Gespräche feiern, wie sie fallen

Je jünger Kinder sind, umso entspannter können Eltern aktiv das Thema Sexualität aufgreifen. Eine schwangere Frau kann der Anlass für ein Gespräch über Liebe, Verhütung, Zeugung, Schwangerschaft, Geburt und Babys sein. «Kinder und Jugendliche brauchen Türöffner, um Fragen stellen zu können», weiss die Sexualpädagogin. Die Antwort: «Dafür bist du zu klein», ist eigentlich immer falsch, sagt Schnider.

Schamgrenzen, obschon alles «cool» ist

Es gibt Jugendliche, die beim Thema Sexualität klar signalisieren, «ich will nichts wissen», oder «ich weiss längst genug». Auch wenn Eltern nicht ganz sicher sein können, wie zutreffend das wirklich ist, gilt es damit sorgsam umzugehen. Es gelte diese Abgrenzungssignale zu respektieren. Vielleicht vertieften sich die Kinder lieber alleine in ein Buch zum Thema Sexualität oder surfen im Internet.

In Zeiten, in denen Sexualität in der Gesellschaft fast omnipräsent ist, können Jugendliche unter Leistungsdruck geraten. Alles ist «easy», alles ist «cool», Ängste und Fragen rund um die Sexualität, das gibt es nicht. Doch davon dürfe man sich nicht täuschen lassen, sagt Bernadette Schnider. Eine junge Frau habe sie einmal gefragt, ob sie normal sei, obschon sie oralen Sex «gruusig» finde. «Ja, klar bist du normal», antwortete die Sexualpädagogin und ergänzte: «O. k. ist, was beide mögen und niemandem schadet.»

Die Rolle der Väter

Schnider stellt fest, dass bei der Aufklärung und der Begleitung durch die Pubertät die Mütter und gleichaltrige Jugendliche die primären Ansprechpersonen sind. Väter hielten sich oft im Hintergrund. Im Zuge der Missbrauchsdebatte fühlten sich Väter gegenüber ihren heranwachsenden Töchtern oft besonders verunsichert. Doch für Jugendliche sei es spannend zu hören, wie beide Elternteile ihre eigene Pubertät, die erste Liebe und den ersten Liebeskummer erlebt hätten. Sie rät den Vätern, aufmerksam und behutsam, aber auch interessiert und unterstützend mit ihren heranwachsenden Töchtern umzugehen: «Es ist die Zeit der Stimmungsschwankungen, wo junge Menschen sehr verletzbar sind, auch wenn sie sich unnahbar und abgeklärt geben.»

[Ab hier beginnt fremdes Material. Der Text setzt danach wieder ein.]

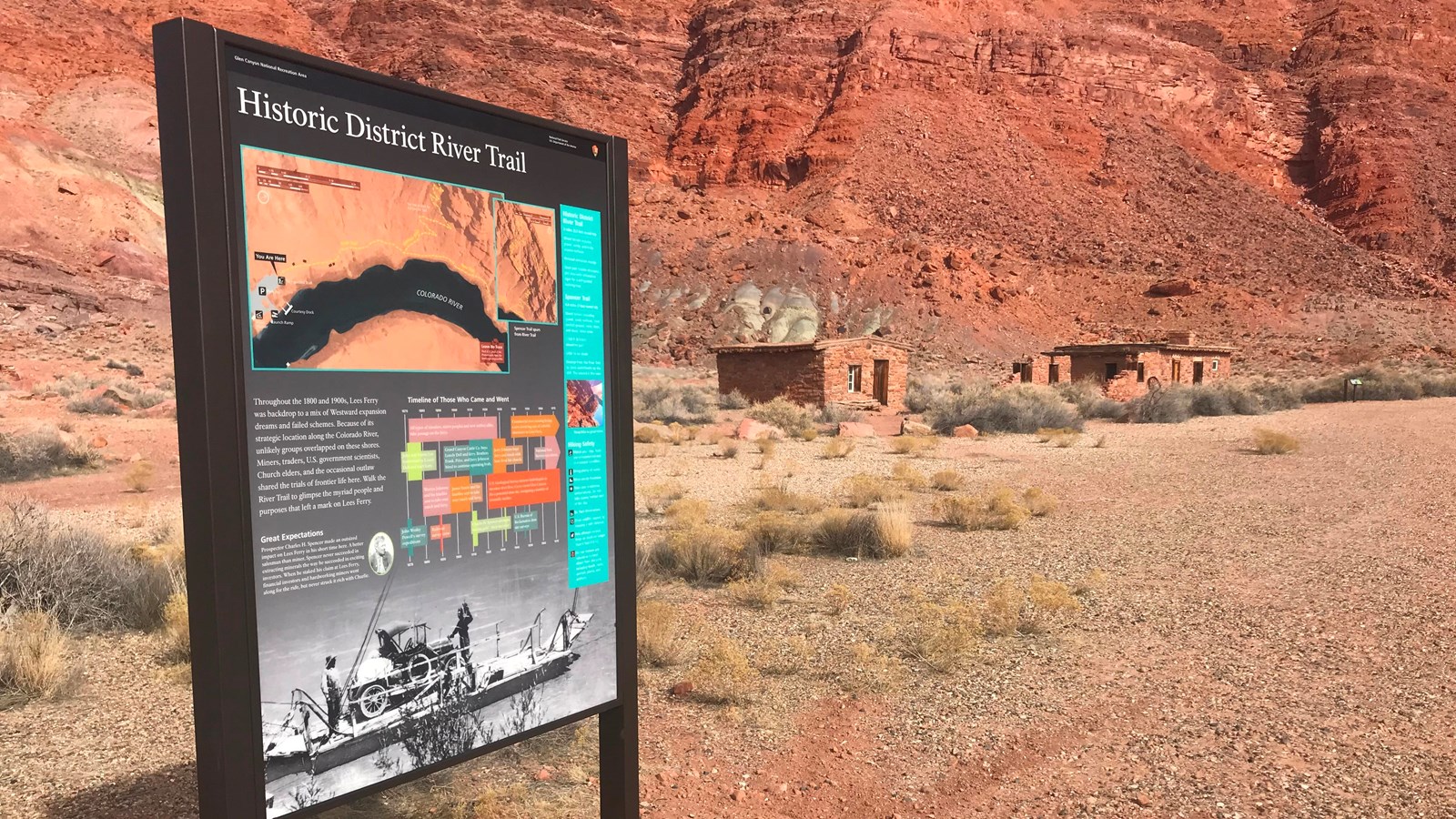 Trailhead sign with images of old ferry boat and trail map, historic buildings in the distance.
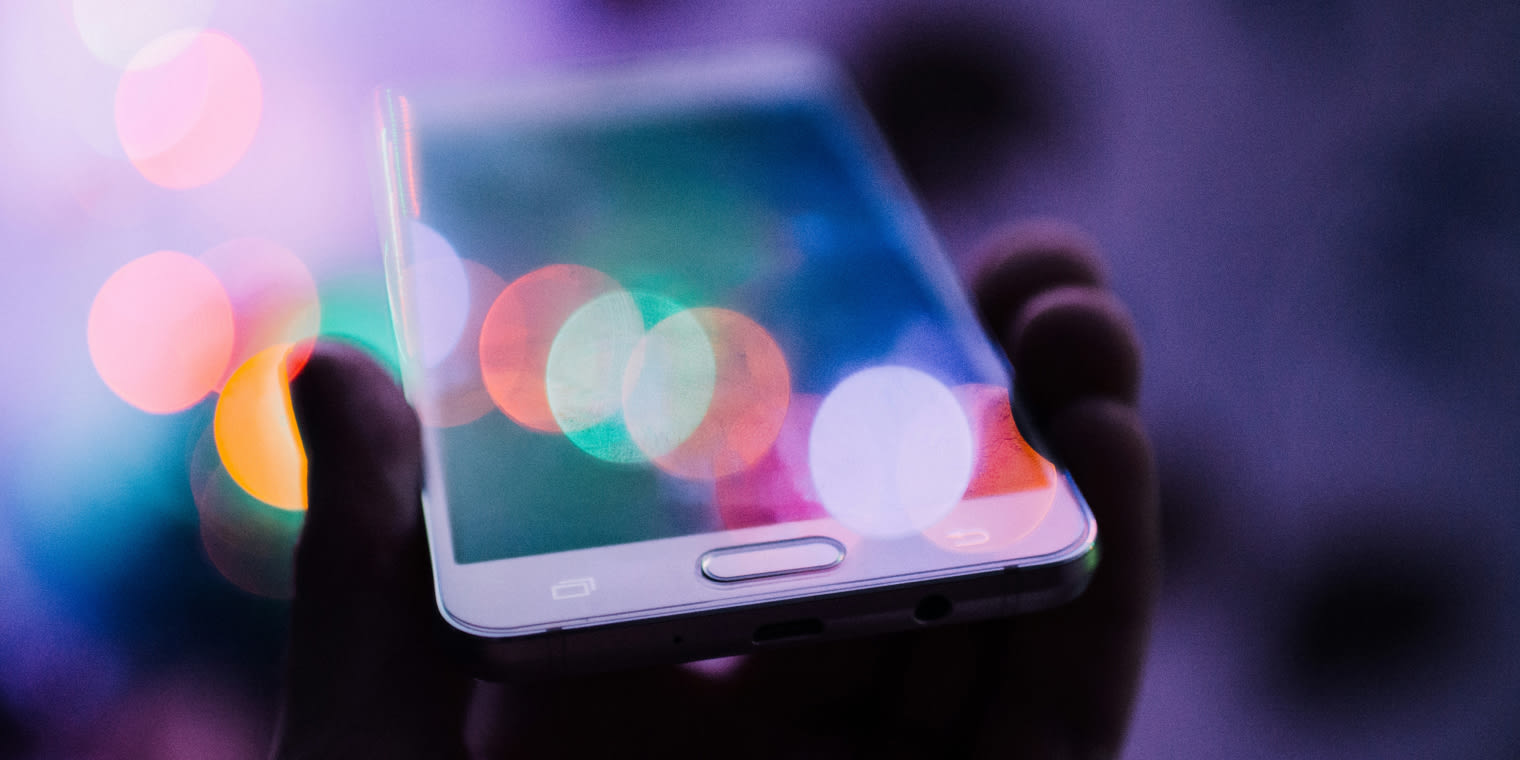Ein Smartphone mit unscharfen Lichtern im Hintergrund, das die Nutzung digitaler Reisemanagement-Tools zeigt.
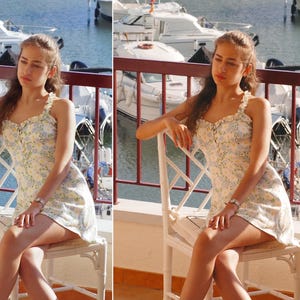 May include: A young person wearing a white floral dress with a ruffled neckline sits on a white wicker chair. The person is looking off to the side and has long brown hair. The chair is on a balcony overlooking a marina with boats in the water.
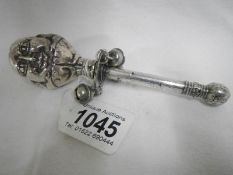 A Victorian white metal babies rattle inscribed Victoria Hayes born 3rd June 1848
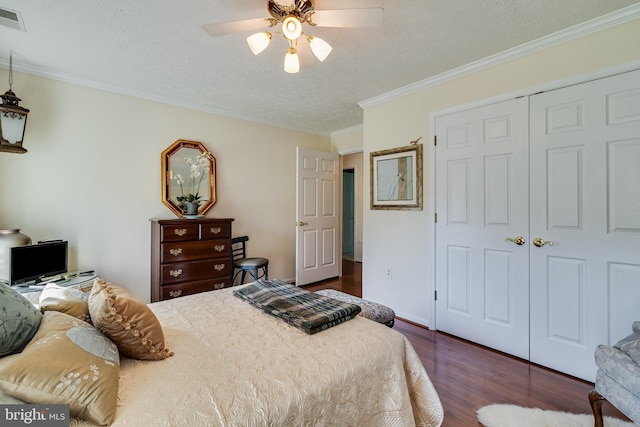 bedroom featuring a closet, ornamental molding, ceiling fan, a textured ceiling, and dark wood finished floors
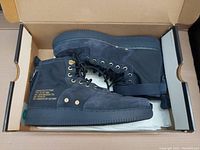 Pair of Nike SF AF1 MID sneakers in obsidian black inside open box showing side and top view.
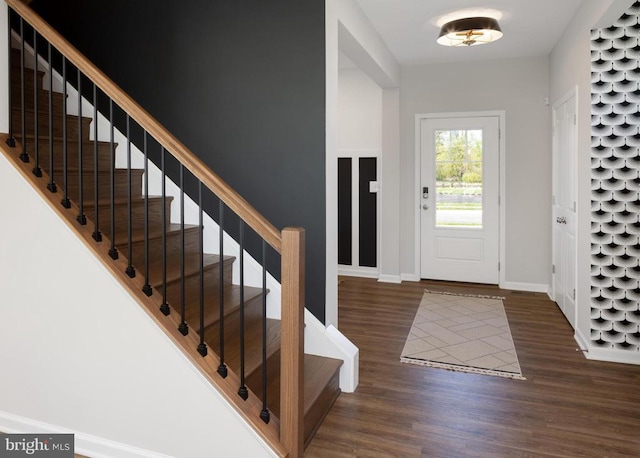 entrance foyer with dark hardwood / wood-style floors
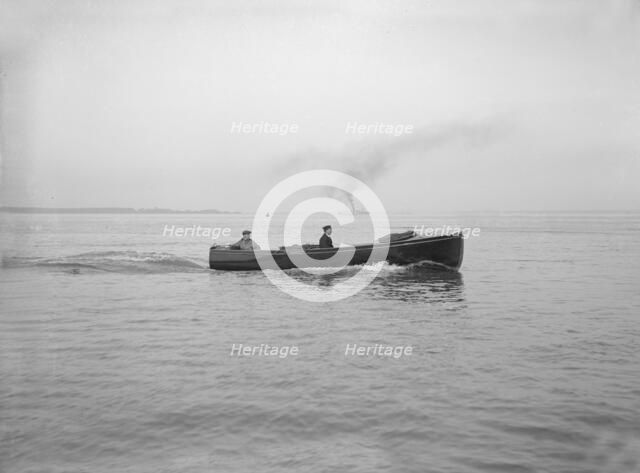 Yacht's motor launch under way, 1914. Creator: Kirk & Sons of Cowes.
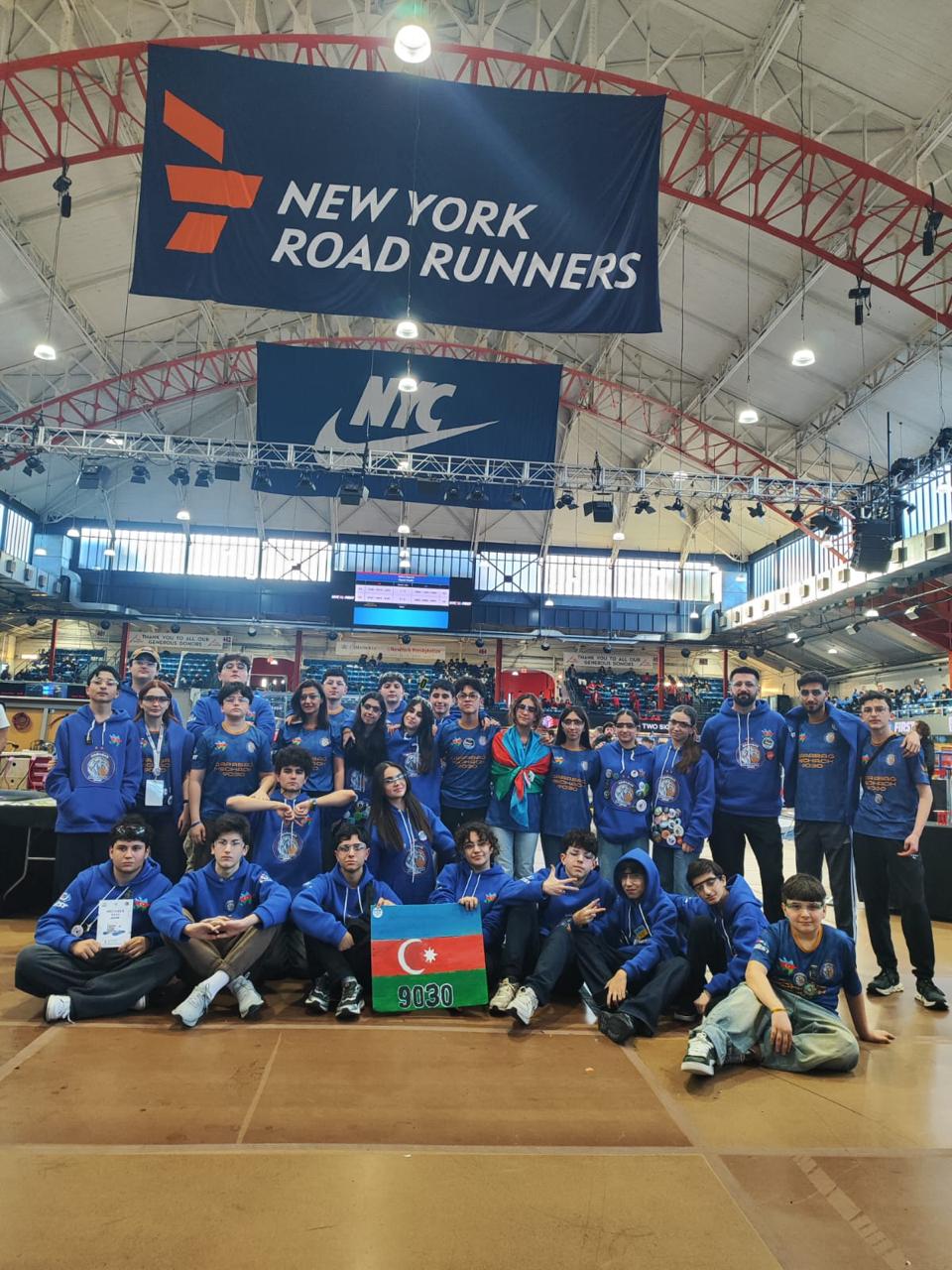 Qarabağ MecHack 9030 full team photo at the FRC New York City Regional, holding the Azerbaijan flag and team number 9030 sign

Sexuelle Gewalt nicht ausklammern

Auch wenn Eltern ihren Söhnen und Töchtern ein möglichst positives Bild der Sexualität vermitteln wollen, darf das Thema sexuelle Gewalt nicht ausgeklammert werden, wie Schnider betont. Auch hier müssten Kinder früh und konkret informiert werden. Wirksame Prävention stärke die Kinder und vergrössere ihre Eigenständigkeit. Eine wichtige Botschaft sei: «Dein Körper gehört dir! Du hast das Recht zu bestimmen, wie, wann, wo und von wem du berührt werden möchtest. Wenn dich jemand gegen deinen Willen anfassen will oder Dinge von dir verlangt, die du nicht tun willst, dann musst du Nein sagen und dich wehren.»